Let's first try to check duplicates using all the records we have:

In [36]:
# check duplication
duplicates = df[df.duplicated(keep=False)] # showing all duplicated records
print ("There are "+ str(len(duplicates)) + " duplicate records found")
duplicates.sort_values(by=duplicates.columns.tolist()).head(10)

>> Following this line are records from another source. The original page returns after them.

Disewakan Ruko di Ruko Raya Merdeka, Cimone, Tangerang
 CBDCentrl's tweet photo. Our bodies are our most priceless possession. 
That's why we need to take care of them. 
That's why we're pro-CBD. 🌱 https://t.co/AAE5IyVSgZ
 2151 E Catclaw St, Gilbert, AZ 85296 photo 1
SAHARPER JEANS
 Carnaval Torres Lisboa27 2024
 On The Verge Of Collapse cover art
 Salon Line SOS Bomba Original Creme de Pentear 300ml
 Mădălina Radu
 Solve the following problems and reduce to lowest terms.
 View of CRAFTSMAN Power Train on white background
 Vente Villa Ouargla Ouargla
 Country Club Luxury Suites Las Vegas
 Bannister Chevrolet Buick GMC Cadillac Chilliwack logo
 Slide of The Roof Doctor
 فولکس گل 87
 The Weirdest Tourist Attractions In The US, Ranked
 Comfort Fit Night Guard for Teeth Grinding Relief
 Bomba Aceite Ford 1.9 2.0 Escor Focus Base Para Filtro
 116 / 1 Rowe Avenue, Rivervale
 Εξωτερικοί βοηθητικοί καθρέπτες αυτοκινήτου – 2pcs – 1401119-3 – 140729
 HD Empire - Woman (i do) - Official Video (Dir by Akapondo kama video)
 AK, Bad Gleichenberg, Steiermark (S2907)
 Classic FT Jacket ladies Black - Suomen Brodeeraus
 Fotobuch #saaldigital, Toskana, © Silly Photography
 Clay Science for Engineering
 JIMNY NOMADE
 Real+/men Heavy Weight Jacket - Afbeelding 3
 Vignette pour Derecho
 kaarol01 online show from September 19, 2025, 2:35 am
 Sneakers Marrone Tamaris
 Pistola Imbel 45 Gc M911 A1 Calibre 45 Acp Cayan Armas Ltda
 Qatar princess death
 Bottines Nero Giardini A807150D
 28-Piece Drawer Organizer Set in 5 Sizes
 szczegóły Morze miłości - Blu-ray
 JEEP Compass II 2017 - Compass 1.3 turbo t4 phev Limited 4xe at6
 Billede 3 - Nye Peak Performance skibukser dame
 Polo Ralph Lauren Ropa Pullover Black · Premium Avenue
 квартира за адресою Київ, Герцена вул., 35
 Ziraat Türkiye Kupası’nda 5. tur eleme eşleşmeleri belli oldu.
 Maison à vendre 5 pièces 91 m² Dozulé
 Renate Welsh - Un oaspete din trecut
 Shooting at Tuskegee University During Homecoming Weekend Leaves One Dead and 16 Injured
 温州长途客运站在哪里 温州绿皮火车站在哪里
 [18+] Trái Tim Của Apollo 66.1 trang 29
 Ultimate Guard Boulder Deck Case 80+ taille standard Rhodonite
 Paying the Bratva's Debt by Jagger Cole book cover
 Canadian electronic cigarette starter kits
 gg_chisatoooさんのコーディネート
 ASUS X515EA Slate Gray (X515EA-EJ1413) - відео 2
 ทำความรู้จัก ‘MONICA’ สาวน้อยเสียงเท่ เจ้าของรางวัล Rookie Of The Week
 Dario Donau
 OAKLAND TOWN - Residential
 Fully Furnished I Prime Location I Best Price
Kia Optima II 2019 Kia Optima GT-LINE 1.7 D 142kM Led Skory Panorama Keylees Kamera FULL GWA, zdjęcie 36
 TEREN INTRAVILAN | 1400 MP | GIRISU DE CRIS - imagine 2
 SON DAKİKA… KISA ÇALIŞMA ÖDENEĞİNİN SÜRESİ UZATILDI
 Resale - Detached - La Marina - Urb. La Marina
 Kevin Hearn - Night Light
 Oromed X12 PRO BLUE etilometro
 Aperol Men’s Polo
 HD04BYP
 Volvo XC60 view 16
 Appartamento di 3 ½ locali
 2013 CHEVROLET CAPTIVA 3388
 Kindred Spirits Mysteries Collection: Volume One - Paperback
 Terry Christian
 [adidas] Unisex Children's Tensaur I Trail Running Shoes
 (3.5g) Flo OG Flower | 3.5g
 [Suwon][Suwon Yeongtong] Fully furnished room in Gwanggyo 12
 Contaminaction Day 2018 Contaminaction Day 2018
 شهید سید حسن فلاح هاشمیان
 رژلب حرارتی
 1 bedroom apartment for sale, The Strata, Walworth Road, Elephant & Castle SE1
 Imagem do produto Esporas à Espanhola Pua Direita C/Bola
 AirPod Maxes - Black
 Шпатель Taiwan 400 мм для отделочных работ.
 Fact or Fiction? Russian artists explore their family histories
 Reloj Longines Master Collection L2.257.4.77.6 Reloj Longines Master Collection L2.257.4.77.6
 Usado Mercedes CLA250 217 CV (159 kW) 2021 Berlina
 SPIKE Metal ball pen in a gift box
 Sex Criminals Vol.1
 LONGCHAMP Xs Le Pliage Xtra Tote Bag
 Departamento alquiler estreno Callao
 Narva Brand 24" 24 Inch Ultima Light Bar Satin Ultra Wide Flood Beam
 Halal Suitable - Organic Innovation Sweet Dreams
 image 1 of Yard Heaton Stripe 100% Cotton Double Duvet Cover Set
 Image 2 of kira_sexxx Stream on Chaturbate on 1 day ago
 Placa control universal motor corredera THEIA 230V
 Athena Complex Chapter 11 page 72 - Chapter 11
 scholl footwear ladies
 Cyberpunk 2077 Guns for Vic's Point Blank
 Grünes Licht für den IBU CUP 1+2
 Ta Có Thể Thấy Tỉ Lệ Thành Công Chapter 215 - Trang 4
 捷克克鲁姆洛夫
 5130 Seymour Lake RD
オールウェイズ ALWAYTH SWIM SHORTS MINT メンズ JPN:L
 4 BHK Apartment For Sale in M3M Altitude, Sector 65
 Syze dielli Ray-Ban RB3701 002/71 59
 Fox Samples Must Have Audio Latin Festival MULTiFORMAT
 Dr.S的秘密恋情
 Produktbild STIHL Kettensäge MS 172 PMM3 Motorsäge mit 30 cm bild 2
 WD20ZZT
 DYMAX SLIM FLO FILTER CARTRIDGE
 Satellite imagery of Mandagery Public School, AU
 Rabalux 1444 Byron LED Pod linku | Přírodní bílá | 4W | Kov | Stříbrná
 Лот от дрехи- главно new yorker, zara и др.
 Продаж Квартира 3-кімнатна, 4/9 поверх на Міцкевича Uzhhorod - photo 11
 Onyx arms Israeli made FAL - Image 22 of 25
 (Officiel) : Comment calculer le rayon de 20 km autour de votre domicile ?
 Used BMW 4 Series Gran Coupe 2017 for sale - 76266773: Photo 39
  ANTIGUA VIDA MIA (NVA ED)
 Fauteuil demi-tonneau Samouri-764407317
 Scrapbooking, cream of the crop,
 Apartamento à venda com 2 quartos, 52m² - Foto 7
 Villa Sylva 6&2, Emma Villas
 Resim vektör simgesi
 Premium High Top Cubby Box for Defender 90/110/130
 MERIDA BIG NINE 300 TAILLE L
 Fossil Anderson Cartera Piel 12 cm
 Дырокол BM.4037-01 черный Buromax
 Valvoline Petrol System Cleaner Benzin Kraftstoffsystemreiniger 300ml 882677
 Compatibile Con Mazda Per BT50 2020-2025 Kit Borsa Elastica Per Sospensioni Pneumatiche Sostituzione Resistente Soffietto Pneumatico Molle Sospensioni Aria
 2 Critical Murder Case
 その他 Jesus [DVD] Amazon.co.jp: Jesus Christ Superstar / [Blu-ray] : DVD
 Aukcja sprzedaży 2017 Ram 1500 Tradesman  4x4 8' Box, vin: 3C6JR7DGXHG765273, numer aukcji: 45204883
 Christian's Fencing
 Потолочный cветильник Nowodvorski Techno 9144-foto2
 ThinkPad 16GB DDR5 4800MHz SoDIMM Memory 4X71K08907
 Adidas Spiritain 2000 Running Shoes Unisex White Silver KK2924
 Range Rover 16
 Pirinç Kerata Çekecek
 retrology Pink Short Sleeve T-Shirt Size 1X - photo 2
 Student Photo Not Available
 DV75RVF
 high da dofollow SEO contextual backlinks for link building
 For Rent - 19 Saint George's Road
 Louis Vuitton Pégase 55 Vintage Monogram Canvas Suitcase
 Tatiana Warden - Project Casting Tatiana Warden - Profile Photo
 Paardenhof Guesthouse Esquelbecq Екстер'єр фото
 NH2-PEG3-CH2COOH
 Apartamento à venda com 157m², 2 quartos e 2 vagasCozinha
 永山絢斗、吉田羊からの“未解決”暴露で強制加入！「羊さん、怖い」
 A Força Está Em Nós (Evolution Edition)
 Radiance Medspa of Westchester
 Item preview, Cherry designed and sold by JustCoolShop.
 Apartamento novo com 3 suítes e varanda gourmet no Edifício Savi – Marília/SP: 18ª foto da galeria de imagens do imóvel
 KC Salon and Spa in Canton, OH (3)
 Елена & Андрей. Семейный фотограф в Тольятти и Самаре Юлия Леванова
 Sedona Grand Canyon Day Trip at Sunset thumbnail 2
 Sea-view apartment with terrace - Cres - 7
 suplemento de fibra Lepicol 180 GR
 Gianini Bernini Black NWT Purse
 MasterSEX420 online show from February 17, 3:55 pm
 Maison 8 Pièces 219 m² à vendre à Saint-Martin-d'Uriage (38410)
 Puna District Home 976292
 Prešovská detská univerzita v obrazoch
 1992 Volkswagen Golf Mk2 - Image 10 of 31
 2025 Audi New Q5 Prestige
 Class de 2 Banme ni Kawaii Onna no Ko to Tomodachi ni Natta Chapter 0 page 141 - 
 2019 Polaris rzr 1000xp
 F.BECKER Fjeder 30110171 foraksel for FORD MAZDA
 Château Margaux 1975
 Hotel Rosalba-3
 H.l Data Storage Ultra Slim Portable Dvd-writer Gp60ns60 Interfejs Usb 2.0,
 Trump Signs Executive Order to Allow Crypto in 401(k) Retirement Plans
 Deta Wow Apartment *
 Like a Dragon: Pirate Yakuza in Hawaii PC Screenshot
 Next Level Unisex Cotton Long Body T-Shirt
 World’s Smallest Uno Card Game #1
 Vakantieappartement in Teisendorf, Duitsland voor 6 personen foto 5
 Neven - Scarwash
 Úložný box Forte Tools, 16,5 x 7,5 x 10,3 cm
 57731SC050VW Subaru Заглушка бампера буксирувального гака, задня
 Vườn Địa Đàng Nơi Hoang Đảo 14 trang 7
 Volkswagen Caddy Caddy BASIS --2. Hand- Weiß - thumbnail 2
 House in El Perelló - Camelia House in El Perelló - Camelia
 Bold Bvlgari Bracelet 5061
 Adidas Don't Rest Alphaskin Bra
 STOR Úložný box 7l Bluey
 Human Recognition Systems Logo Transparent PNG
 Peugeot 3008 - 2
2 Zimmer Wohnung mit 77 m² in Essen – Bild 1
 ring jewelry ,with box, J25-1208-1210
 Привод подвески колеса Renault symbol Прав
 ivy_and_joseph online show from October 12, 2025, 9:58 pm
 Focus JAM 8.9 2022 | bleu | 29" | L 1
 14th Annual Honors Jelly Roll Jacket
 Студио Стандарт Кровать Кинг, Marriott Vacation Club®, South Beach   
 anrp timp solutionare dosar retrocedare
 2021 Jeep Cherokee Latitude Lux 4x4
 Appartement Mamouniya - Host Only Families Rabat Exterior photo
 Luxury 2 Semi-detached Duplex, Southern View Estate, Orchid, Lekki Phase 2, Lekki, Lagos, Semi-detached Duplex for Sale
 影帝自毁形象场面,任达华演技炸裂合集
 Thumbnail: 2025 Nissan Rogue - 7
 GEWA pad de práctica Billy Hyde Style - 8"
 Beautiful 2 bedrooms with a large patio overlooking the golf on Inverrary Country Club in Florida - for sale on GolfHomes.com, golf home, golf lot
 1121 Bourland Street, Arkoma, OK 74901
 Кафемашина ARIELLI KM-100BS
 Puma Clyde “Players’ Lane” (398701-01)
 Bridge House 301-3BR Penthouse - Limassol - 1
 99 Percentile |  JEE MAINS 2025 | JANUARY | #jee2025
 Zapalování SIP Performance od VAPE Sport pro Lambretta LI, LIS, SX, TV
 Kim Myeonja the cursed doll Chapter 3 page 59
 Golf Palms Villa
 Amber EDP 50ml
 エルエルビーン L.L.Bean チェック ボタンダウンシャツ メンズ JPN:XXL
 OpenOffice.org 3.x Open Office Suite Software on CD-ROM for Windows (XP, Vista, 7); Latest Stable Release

There are 0 duplicate records found


Unnamed: 0,Id,Location,Title,Salary,CloseDate,Category,ContractTime,OpenDate,Company,ContractType,SourceName


In [37]:
df.shape

(5134, 11)

Now we have 5134 rows and 11 columns without duplicate records. Is this true? Let's triple check by using global key for df. 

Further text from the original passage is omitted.